Not the Eiffel Tower. Not the Louvre. Not Notre-Dame.

Napoleon’s Tomb at Les Invalides.

I am fascinated by Napoleon Bonaparte in a way I find difficult to fully explain. He was born in Corsica in 1769 — an island that had only just been ceded to France, making him French by the narrowest of margins. He spoke French with a Corsican accent that his classmates mocked. He was an outsider in the country he would come to rule.

He was commissioned as a second lieutenant at sixteen. Nineteen years later he crowned himself Emperor of France.

Not appointed. Not anointed. He took the crown from the Pope’s hands and placed it on his own head — a gesture so audacious it is almost impossible to process. The Pope had travelled from Rome for the ceremony. Napoleon thanked him by crowning himself.

He stood in the Louvre and declared it not big enough.

And yet for all his extraordinary bravado, Napoleon was not an armchair general sending others to die. He is today widely considered one of the greatest military generals in history — personally commanding in battle after battle, leading from the front, present in the chaos rather than directing it from a safe distance.

There is something about that which feels increasingly rare.

We live in an age of leaders who drop bombs from great distances and post about it online. Who wage wars by proxy and measure success in memes and approval ratings. Napoleon was many things — brilliant, ruthless, vain, visionary — but he was present. He stood in the field. He knew what war actually was because he was in it.

His tomb reflects all of this. It sits in an open crypt beneath a soaring dome in Les Invalides — you look down at it from a circular balcony above, the red porphyry sarcophagus massive and silent in the space below. It is not the tomb of a man who wanted to be forgotten.

Carved into the stone beneath him are the words he dictated from his deathbed on Saint Helena — exiled to a remote island in the South Atlantic, 6,000 miles from Paris:

“Je désire que mes cendres reposent sur les bords de la Seine, au milieu de ce peuple français que j’ai tant aimé.”

I desire that my ashes rest on the banks of the Seine, among the French people whom I have so loved.

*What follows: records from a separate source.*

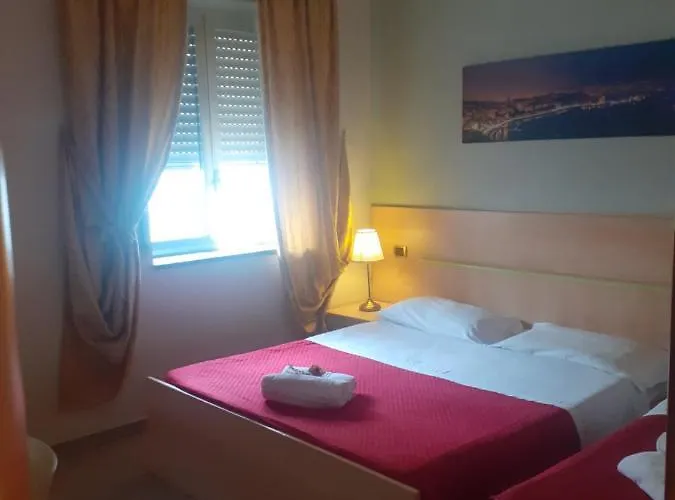 Central Room Fortuna 3*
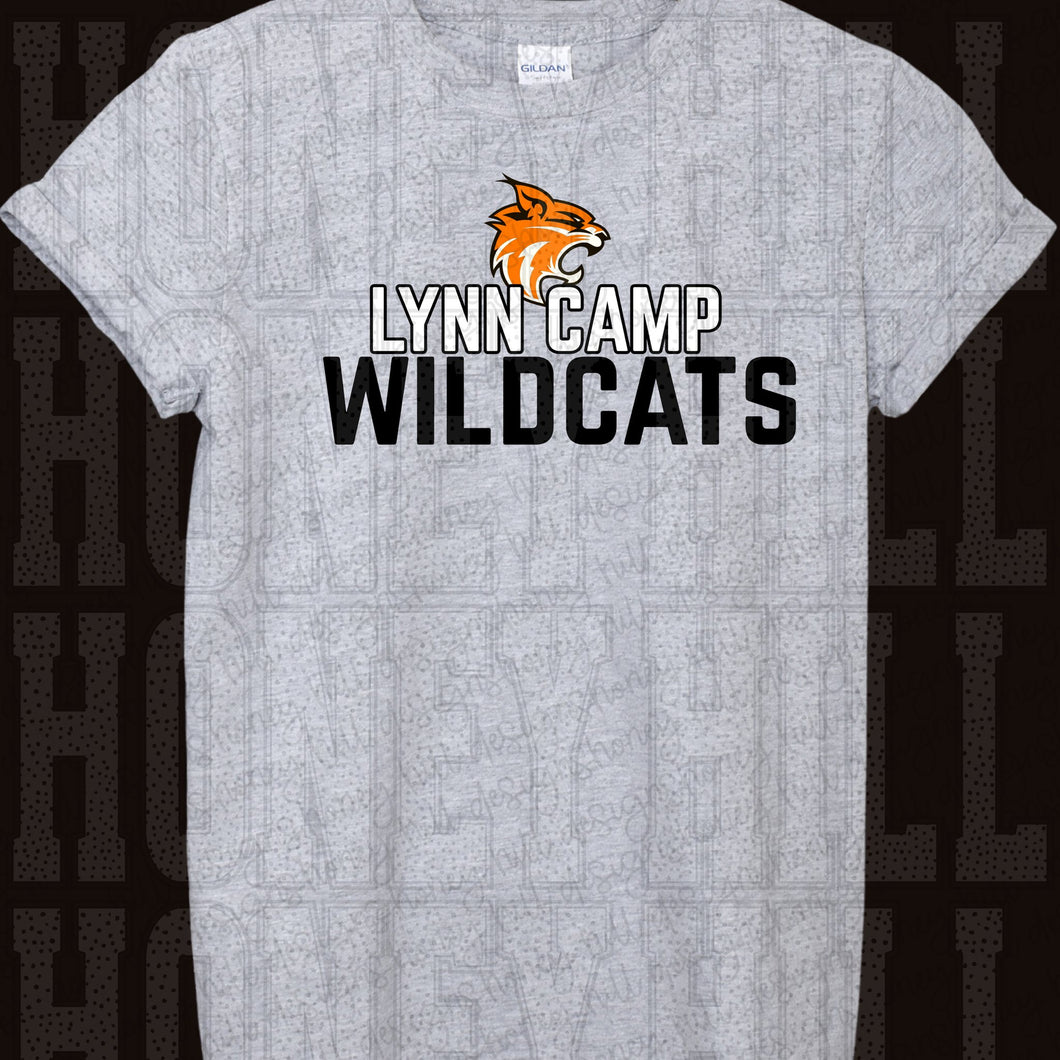 Lynn Camp Wildcats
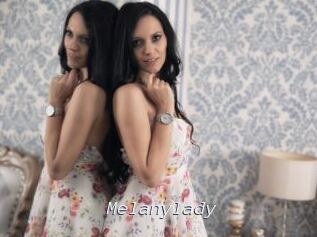 Melanylady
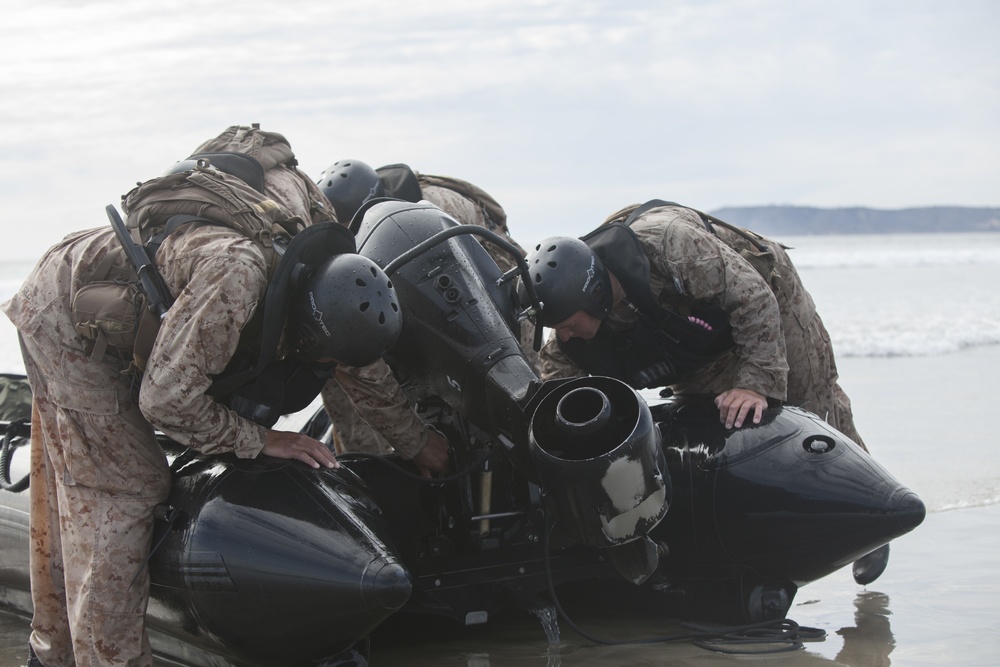 Basic Reconnaissance Course 2-18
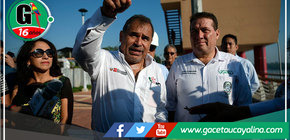 Boulevard de Yarinacocha impulsará el turismo en toda la Amazonía Peruana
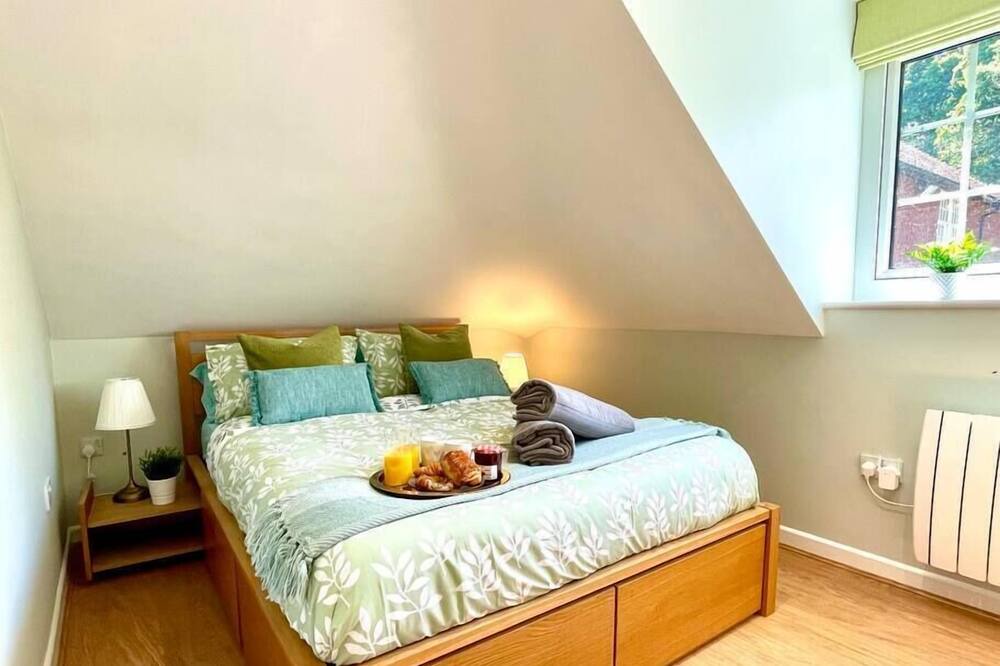 Photo of Bedroom in Burley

The most powerful man in the world, reduced to exile, wanting only to go home.

He got his wish. He is there now, beneath that dome, on the banks of the Seine, among the people he loved.

I have a Légion d’honneur medal at home. It was given to me by my French mother-in-law as a keepsake — I did nothing to earn it. But it is a small, remarkable object that Napoleon himself instituted in 1802, awarded ever since to those who have served France with distinction. It sits on my wall quietly, connecting my home in Australia to a man who crowned himself Emperor and whose ashes rest on the banks of a river in Paris.

History has a way of travelling further than even Napoleon imagined.